Do not copy the pictures. Write out the lines from the start of the entries through the line containing "Robuster 55L Unisex-Reiserucksack".

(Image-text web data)
════════

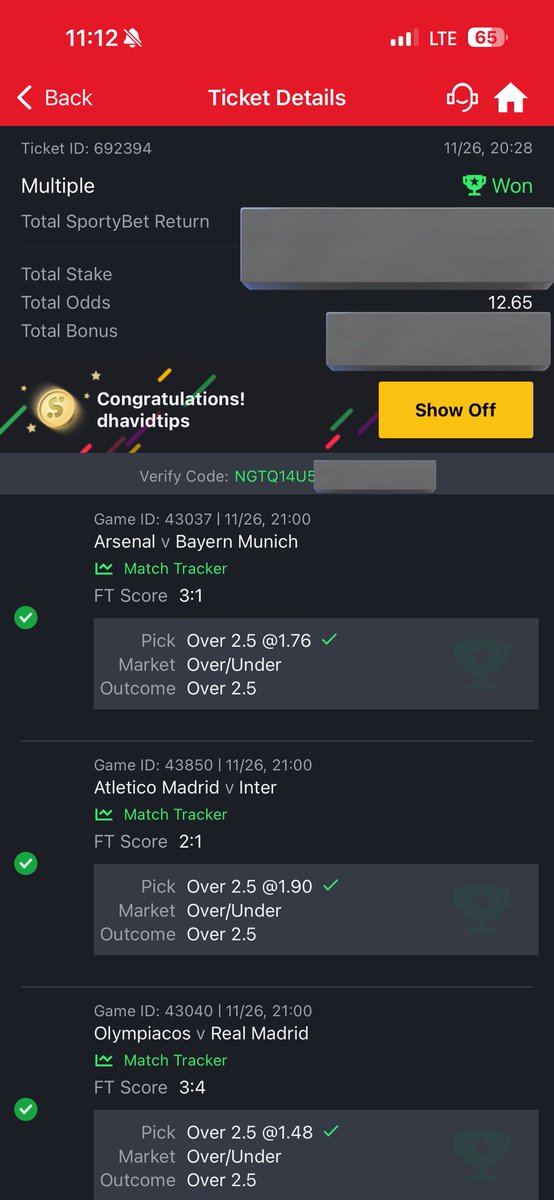 Another big congratulations 

We go again. 12 odds won and paid out.  

Thanks to UEFA 🥳🥳🥳🥳🥳🥳🥳

Let’s go again drop aza for gift
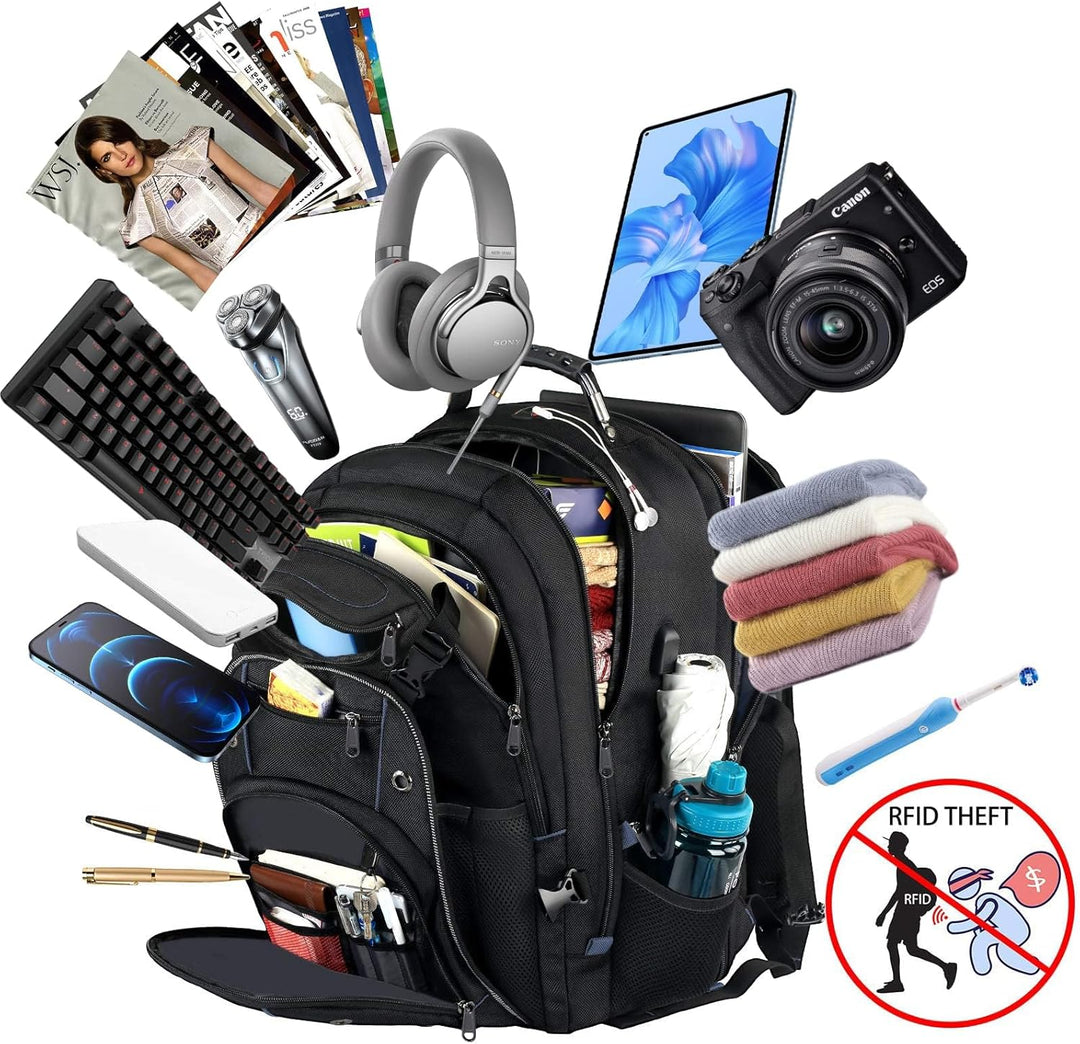 Robuster 55L Unisex-Reiserucksack in Schwarz mit TSA-Freundlichkeit für schnelles Boarding & einfaches Packen.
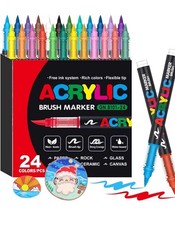 Acrylic Paint Brush Markers Set 24 Colors  -Paint Pens Acrylic brush Marker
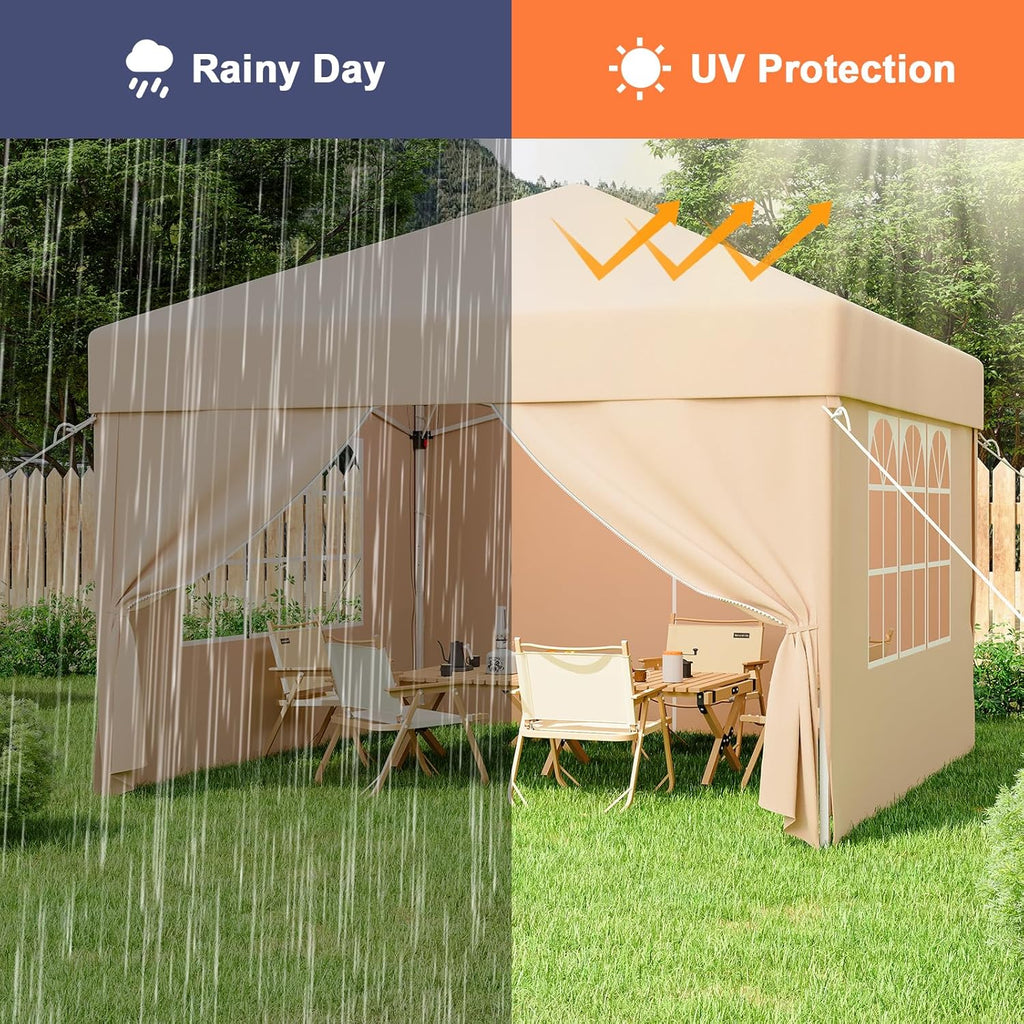 JUMMICO Waterdichte opvouwbare tuinpaviljoen, tuinpaviljoen voor buiten, in hoogte verstelbaar, Barnum UV50+, paviljoen voor kamperen, festivals, strand, tuinen 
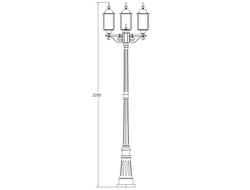 Садово-парковый светильник серии   Dublin 3  (197см)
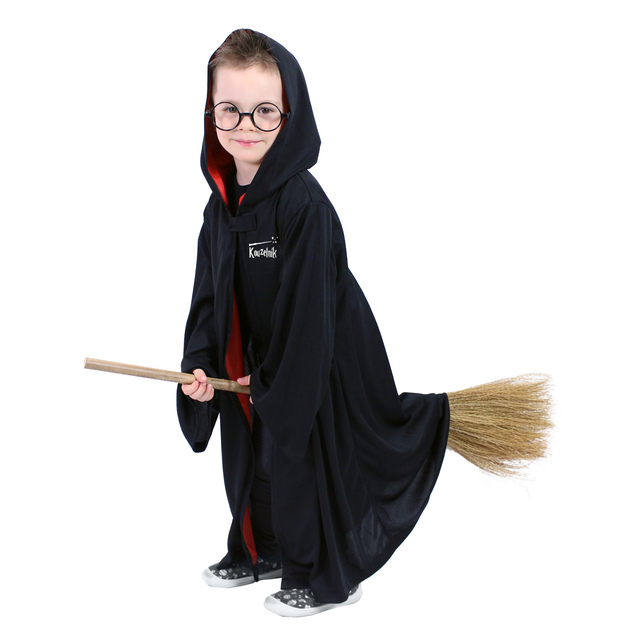 Detský kúzelnícky plášť s kapucňou a okuliarmi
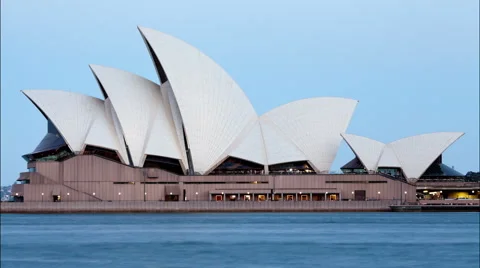 The Sydney Opera House with flowing ship Stock Footage 45508070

════════

OUTPUT FOR THIS EXERCISE:
 Another big congratulations 

We go again. 12 odds won and paid out.  

Thanks to UEFA 🥳🥳🥳🥳🥳🥳🥳

Let’s go again drop aza for gift
 Robuster 55L Unisex-Reiserucksack in Schwarz mit TSA-Freundlichkeit für schnelles Boarding & einfaches Packen.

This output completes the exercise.